Source material:
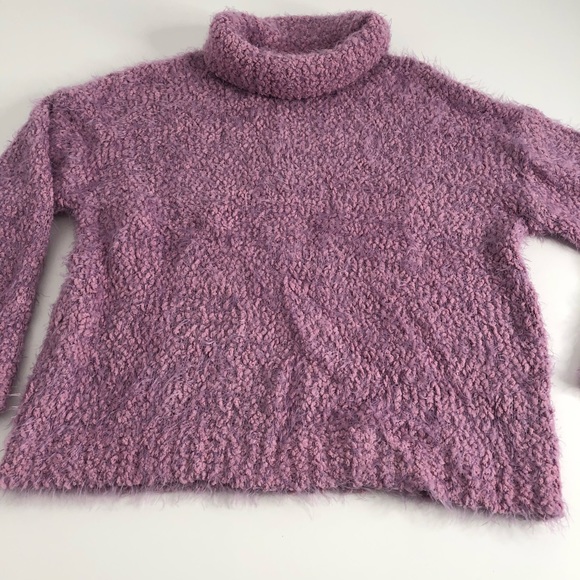 Abound Purple Marled Turtleneck Sweater XL NWT - Picture 2 of 9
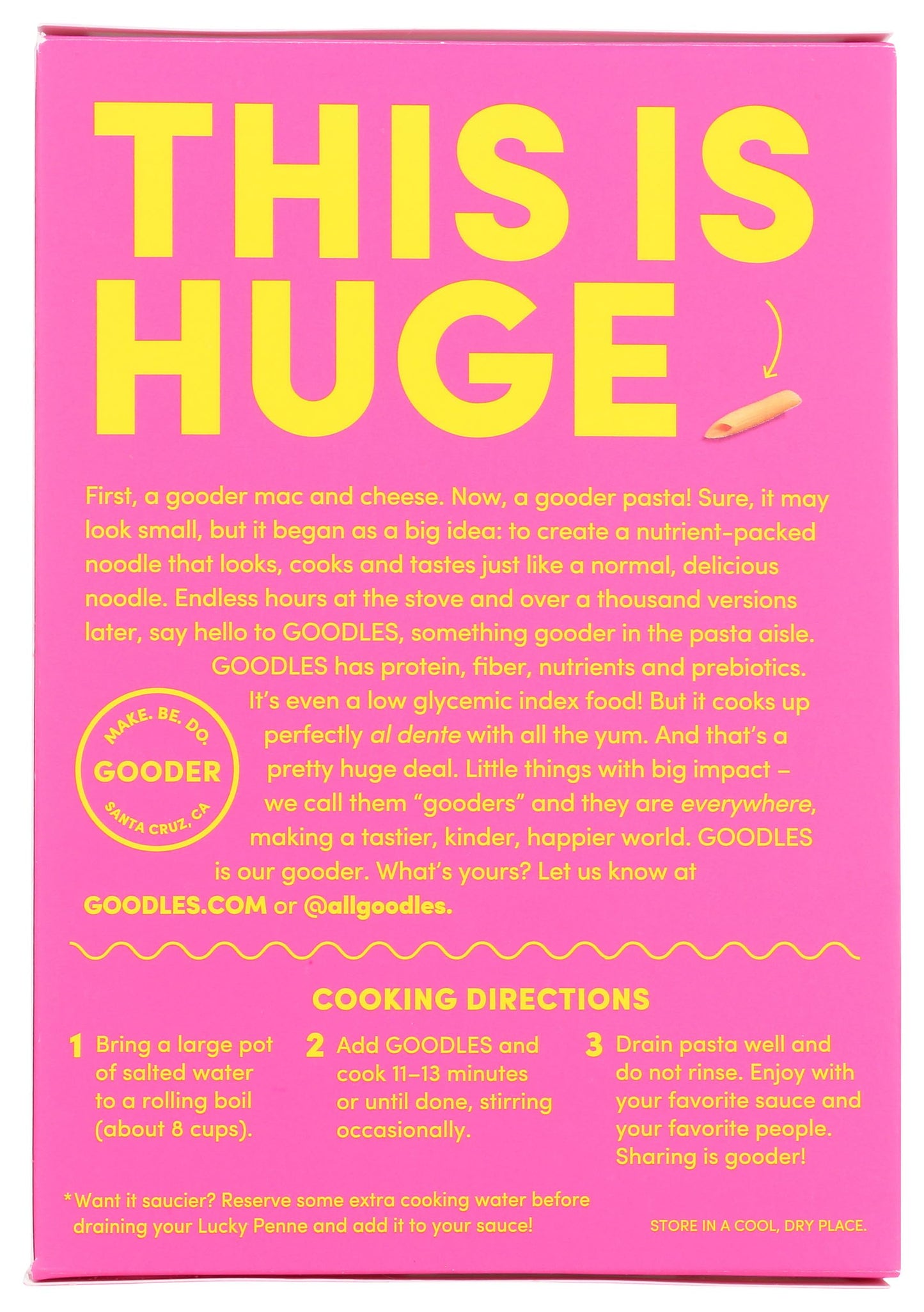 Goodles Lucky Penne Pasta, 8 Oz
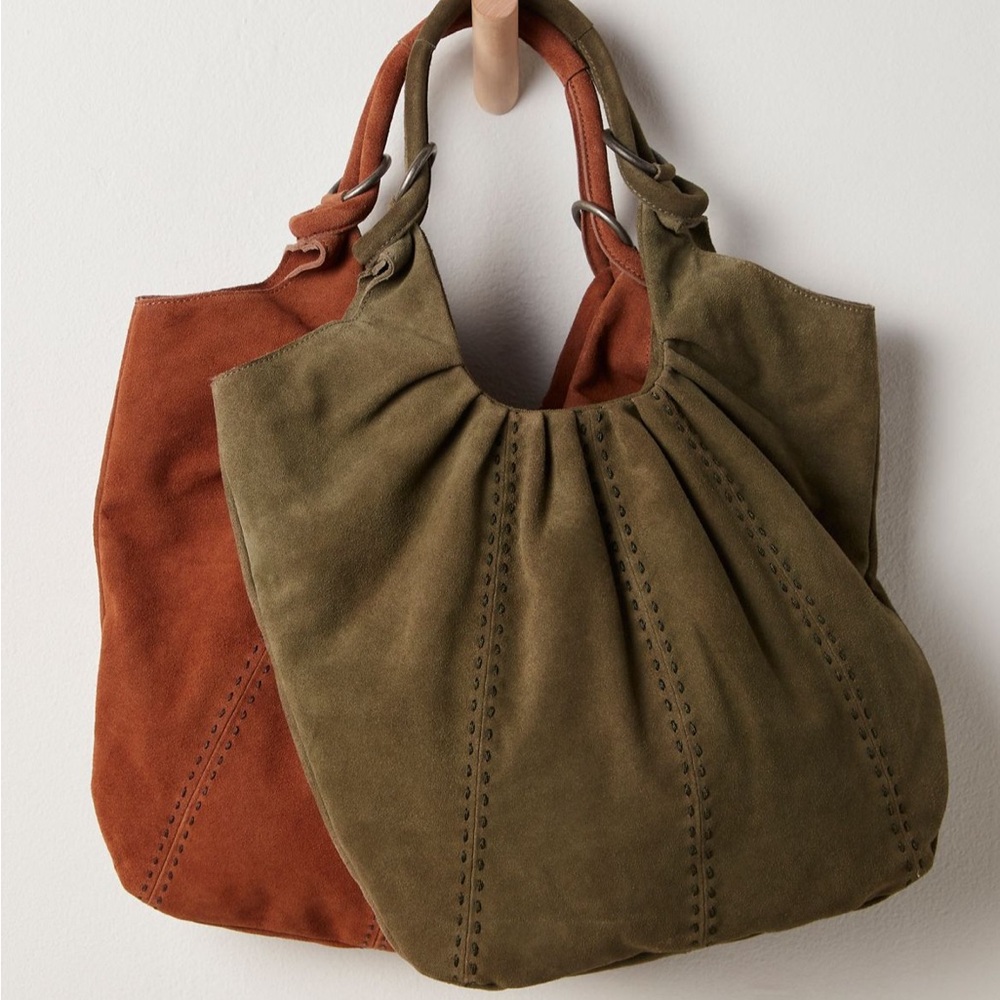 Free People Suede Scrunch Tote - Picture 2 of 9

What the task asks:
Please reproduce the material above word for word, without its images.

Output of the exercise:
 Abound Purple Marled Turtleneck Sweater XL NWT - Picture 2 of 9
 Goodles Lucky Penne Pasta, 8 Oz
 Free People Suede Scrunch Tote - Picture 2 of 9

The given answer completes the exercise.